The BBC has now produced photographic evidence which it claims details exactly what happened to the $10 million sent to accounts controlled by the ex-CONCACAF boss.

The money, sent on behalf of South Africa, was meant to be used for its Caribbean diaspora as part of its 2010 World Cup legacy programme. The Caribbean forms a large part of CONCACAF but the documents suggest Warner diverted it for cash withdrawals, personal loans and credit card payments.

Warner is among nine current and former FIFA officials and five corporate executives charged by the U.S. Department of Justice with running a criminal enterprise that involved more than $150 million in bribes.

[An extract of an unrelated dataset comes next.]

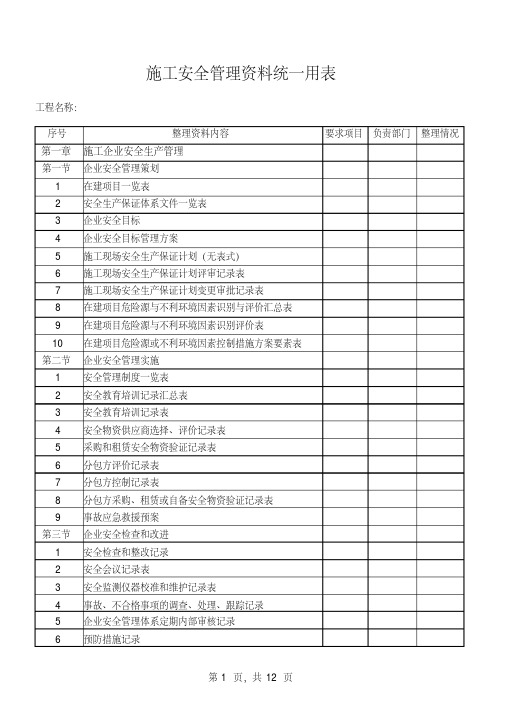 工程竣工验收技术资料统一用表目录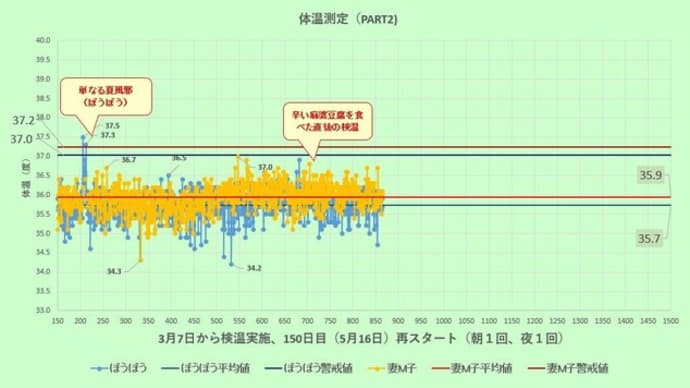検温は続けないとね。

“The papers seen by the BBC detail three wire transfers by FIFA,” the BBC report said. “In the three transactions – on 4 January, 1 February and 10 March 2008 – funds totaling $10 million from FIFA accounts were received into CONCACAF accounts controlled by Jack Warner. The documents reveal how the money was spent and moved around.”

As usual Warner, a central figure in FIFA’s deepening scandal, denies all claims of wrongdoing and instead says he will soon spill the beans on everyone else involved. Last week, in a paid political address in his homeland of Trinidad and Tobago, entitled ‘The gloves are off’, he vowed to tell investigators all he knew about corruption within FIFA.

Warner, like others charged, is fighting extradition to the United States where, if he is found guilty, he could spend several years in jail. He is currently on bail in Trinidad after he was indicted by over allegations of racketeering, wire fraud and money-laundering spanning two decades.

Trinidad authorities say the legal complexities make it unlikely Warner, whose two sons have already pleaded guilty to a variety of offences, would be extradited any time soon.

But Brent Sancho, Trinidad and Tobago’s sports minister, told the BBC that Warner, who resigned from FIFA four years ago after being caught up in the Caribbean cash-for-votes scandal, had “dodged the bullet” for too long.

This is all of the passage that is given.